The problem is that past rises and falls in sea levels as climate has changed have not been smooth and continuous, but more like earthquakes – long periods of little change punctuated by rapid, potentially catastrophic shifts.
The relevance of this is that the last time there was the current concentration of CO2 in the atmosphere, sea levels were about 20 metres above what they are now. If you want to scare yourself, have a look at this interactive map, which shows what happens as sea levels rise.
If you go up to the 20 metre mark it shows that the Thames estuary will start at Windsor and central London will be inundated, taking out most of the systems that the rest of the city needs to function, Cambridge and Peterborough will be North Sea ports, what’s left of Lincolnshire will be an island, York will be like Atlantis and there will be virtually nothing left of Holland.
If we have 20 metres of sea level rise already “baked in” to what we’ve already done, the only question is not what that will look like (we have the map and can see it) but how long it will take.
We tend to think of geological time as slow – moving at the pace of a glacier.

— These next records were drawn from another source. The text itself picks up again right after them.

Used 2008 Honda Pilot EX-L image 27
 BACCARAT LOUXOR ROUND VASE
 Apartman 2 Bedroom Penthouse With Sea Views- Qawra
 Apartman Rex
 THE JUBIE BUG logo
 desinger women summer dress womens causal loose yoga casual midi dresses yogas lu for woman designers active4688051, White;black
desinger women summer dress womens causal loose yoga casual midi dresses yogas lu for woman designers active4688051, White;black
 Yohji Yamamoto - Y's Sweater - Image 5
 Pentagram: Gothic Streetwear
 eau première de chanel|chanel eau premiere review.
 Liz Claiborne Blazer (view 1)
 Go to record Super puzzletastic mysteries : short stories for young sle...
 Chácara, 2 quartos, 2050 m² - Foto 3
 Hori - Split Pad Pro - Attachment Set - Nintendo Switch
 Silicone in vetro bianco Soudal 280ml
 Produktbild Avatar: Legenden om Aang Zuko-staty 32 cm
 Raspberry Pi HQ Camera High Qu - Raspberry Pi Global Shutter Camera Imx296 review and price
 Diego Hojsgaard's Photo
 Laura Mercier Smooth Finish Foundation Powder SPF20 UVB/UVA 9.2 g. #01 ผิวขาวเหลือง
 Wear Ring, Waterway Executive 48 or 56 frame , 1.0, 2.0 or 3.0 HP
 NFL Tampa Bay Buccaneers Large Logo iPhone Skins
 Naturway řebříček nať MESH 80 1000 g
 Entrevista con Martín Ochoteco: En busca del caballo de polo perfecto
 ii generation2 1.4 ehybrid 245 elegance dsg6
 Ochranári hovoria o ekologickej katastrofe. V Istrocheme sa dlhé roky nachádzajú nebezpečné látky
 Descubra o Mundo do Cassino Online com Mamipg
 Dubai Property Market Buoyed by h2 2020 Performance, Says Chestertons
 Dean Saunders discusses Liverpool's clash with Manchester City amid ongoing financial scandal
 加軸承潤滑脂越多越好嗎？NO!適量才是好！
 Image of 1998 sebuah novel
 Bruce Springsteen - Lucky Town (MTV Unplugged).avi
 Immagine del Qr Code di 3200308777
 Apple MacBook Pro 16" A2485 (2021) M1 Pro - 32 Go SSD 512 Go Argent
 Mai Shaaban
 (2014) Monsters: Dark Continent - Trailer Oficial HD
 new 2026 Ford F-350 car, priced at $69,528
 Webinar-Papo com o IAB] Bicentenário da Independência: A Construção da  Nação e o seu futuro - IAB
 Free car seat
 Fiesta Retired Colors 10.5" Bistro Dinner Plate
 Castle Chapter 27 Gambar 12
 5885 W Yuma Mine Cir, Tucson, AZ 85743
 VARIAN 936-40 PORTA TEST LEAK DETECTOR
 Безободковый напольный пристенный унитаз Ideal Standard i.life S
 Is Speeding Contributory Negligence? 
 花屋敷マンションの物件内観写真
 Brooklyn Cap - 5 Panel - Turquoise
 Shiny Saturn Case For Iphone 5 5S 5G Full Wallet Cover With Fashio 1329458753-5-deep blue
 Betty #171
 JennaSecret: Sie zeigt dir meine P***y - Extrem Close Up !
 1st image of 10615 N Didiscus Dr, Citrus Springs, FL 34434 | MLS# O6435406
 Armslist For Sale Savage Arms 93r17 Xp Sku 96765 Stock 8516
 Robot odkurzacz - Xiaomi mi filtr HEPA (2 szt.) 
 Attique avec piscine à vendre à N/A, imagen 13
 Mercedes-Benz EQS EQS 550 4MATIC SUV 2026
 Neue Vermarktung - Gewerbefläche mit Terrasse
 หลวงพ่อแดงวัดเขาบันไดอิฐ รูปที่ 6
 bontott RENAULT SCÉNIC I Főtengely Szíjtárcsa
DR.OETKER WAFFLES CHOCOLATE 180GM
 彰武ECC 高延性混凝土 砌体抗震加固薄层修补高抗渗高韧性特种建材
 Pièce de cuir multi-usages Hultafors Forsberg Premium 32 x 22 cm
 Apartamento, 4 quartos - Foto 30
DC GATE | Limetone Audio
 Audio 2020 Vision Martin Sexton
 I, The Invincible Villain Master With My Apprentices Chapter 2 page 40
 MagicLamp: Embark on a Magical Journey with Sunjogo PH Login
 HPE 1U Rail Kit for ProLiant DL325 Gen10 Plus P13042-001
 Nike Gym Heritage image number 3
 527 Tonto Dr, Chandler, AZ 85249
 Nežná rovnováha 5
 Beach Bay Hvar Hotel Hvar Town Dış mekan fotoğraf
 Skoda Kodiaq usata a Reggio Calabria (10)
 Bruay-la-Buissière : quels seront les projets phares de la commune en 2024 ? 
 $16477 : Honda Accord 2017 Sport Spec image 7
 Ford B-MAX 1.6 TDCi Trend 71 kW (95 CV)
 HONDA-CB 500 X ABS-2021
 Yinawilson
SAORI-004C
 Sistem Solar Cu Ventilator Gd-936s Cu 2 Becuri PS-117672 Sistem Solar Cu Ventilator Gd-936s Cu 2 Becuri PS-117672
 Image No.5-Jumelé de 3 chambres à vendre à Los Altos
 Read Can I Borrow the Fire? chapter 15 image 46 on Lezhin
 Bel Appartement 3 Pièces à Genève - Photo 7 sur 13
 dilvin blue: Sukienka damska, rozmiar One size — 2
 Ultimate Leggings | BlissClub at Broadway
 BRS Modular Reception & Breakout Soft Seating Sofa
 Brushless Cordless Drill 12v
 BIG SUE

But when you think of how rapidly the glaciers are melting it seems that the impact of the Anthropocene could be accelerating in a way that will become unmanageable unless tackled with greater urgency.
2 thoughts on “Hell and High Water – The Kingsbury Review of Books.”
Interesting but lacking a crucial fact – when exactly was the last time the water levels were 20 metres higher? A further consideration: if CO2 levels are currently as concentrated as the last time they were at this concentration – why have sea levels failed to rise to that 20 metre figure?
The bit below is from Wikipedia. We tend to think of shifts in sea levels as very slow – and current projections reflect that. There’s no argument that they are rising. the only question is how quickly it will happen. My worry is that it will be quicker than we think – because the impact of human activity has been so rapid.
Reconstructions show that concentrations of CO2 in the atmosphere have varied from as high as 7,000 parts per million (ppm) during the Cambrian period about 500 million years ago to as low as 180 ppm during the Quaternary glaciation of the last two million years. Global annual mean CO2 concentration has increased by more than 45% since the start of the Industrial Revolution. The concentration was 280 ppm during the 10,000 years up to the mid-18th century, increasing to 407 ppm as of mid-2017. The present concentration is the highest in at least the past 800,000 years and likely the highest in the past 20 million years.